American baseball player (1859–1894)

William H. "Yank" Robinson (September 19, 1859 – August 25, 1894) was an American professional baseball infielder. He played in Major League Baseball (MLB) from 1884 to 1892 for the Detroit Wolverines, Baltimore Monumentals, St. Louis Browns, Pittsburgh Burghers, Cincinnati Kelly's Killers, and Washington Senators.

Robinson was a starter for St. Louis Browns teams that won four consecutive American Association pennants and the 1886 World Series. While playing for the Browns, he set the major league record with 116 walks in 1888 and broke his own record with 118 walks in 1889. During his peak years from 1887 to 1890, Robinson drew 472 free passes (427 walks and 45 times hit by pitch) and 400 hits in 2,115 plate appearances, giving him a "free pass" percentage of .223 and an on-base percentage of .412. His Offensive WAR ratings of 3.8, 3.7 and 3.6 ranked sixth in the American Association in 1886 and 1887 and eighth in 1888.

==Early life==
Robinson was born in Philadelphia, Pennsylvania, in 1859. He came from a poor background, left home at a young age and moved to Boston where he played sandlot baseball.

==Professional baseball==

===Detroit and Baltimore===
In August 1882, Robinson was playing minor league baseball in Natick, Massachusetts, when he was given a try-out with the Detroit Wolverines who were in the midst of a six-game losing streak against Providence and Boston. Robinson made his major league debut on August 24, 1882, in the Wolverines' final game at Boston. He remained with the team for the remainder of the 1882 season, appearing in 10 games at shortstop, one as an outfielder and one as a pitcher.

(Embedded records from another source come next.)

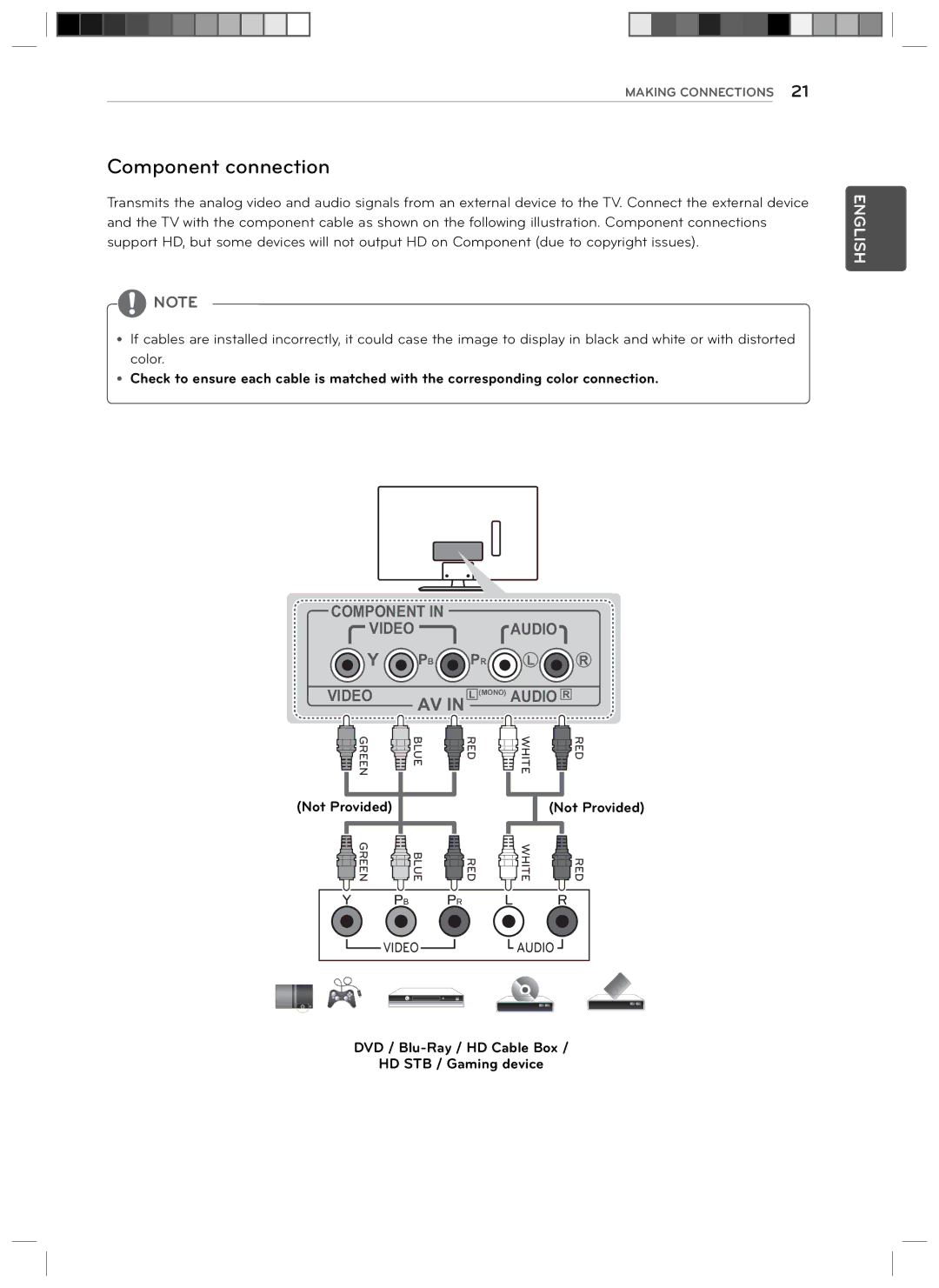 LG Electronics 29LN4510 owner manual Component connection, Not Provided 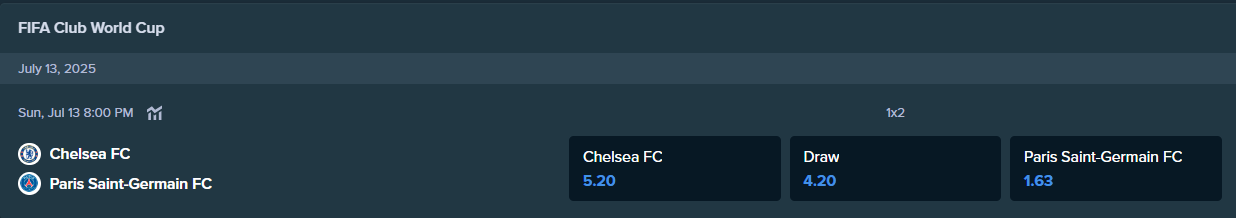betting odds from stake.com for the fifa club worl club final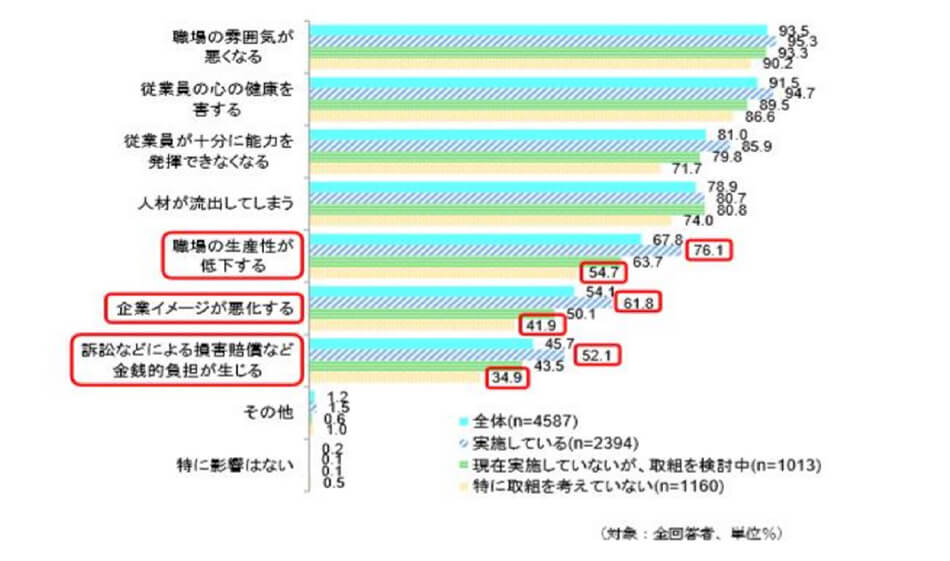 パワハラが職場や企業に与える影響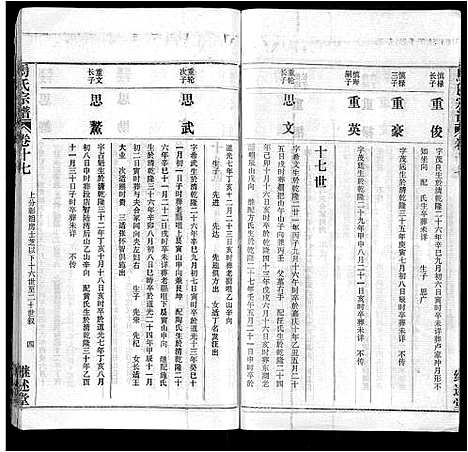 [马]马氏宗谱_41卷_含首1卷 (湖北) 马氏家谱_八.pdf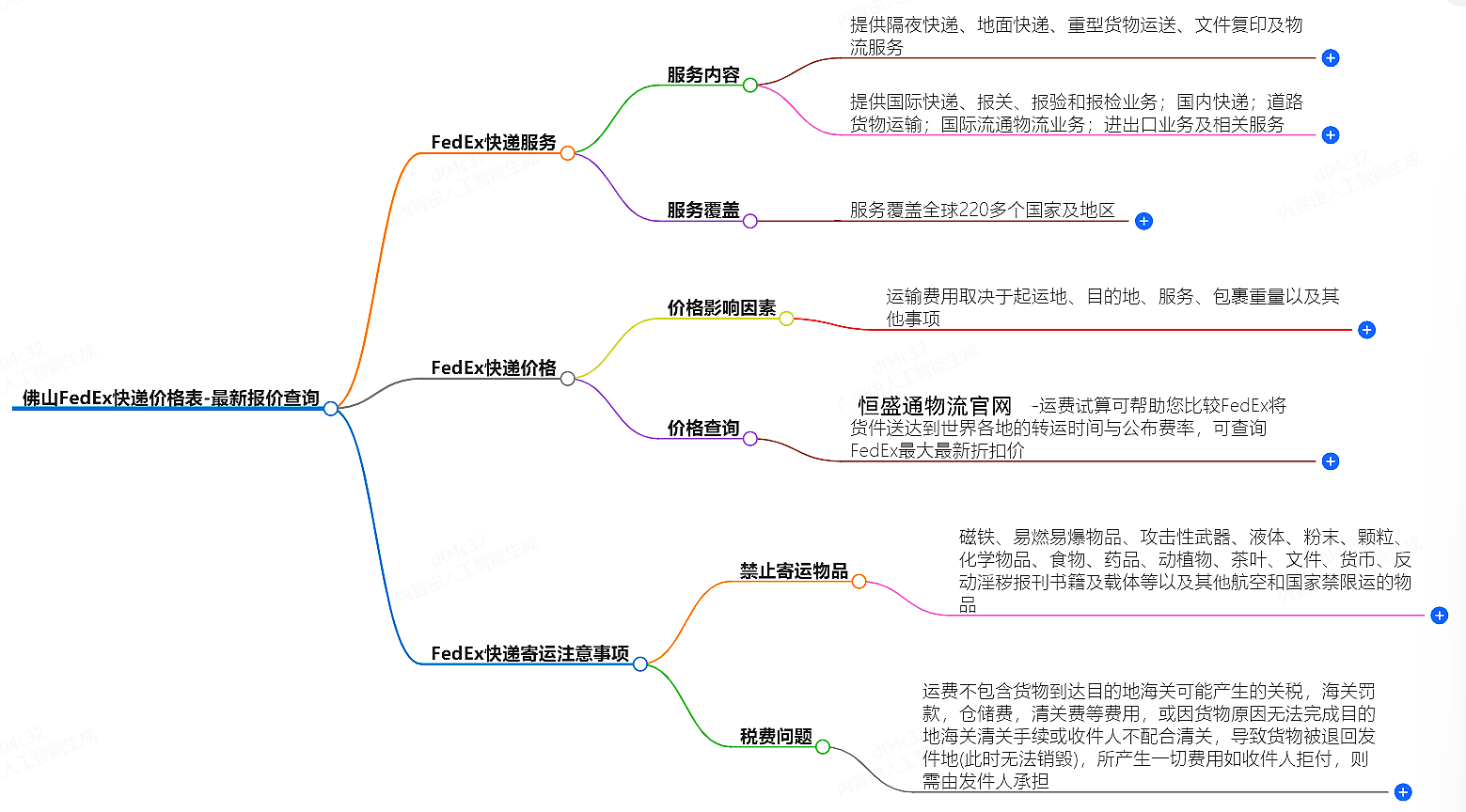 佛山FedEx快遞價格查詢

After his short stint with Detroit in 1882, Robinson spent the 1883 season in the minor leagues playing for the East Saginaw Grays in the Northwestern League. He played shortstop and compiled a .215 batting average for East Saginaw.

In 1884, Robinson returned to a major league with the Baltimore Monumentals of the Union Association. He played 71 games at third base for the Monumentals, but also demonstrated versatility by playing 14 games at shortstop, 11 games at catcher, and 11 games as a pitcher. He compiled a .267 batting average, led the league with 37 walks, and ranked fourth in the league with 101 runs scored. As a pitcher, he compiled a 3-3 record with a 3.48 earned run average (ERA), pitched three complete games, and led the Union Association with eight games finished as a relief pitcher. The St. Louis Post-Dispatch called Robinson "the best all-around player in the Union Association."

===St. Louis Browns===

====1885 season====
In December 1884, after the Baltimore Monumentals disbanded, Robinson had offers from multiple teams but signed with the St. Louis Browns, the team that later became the St. Louis Cardinals, for $2,100. The Browns had finished in fourth place in 1884, and Robinson was one of the final additions to a team that went on to win four consecutive American Association pennants under player-manager Charles Comiskey from 1885 to 1888.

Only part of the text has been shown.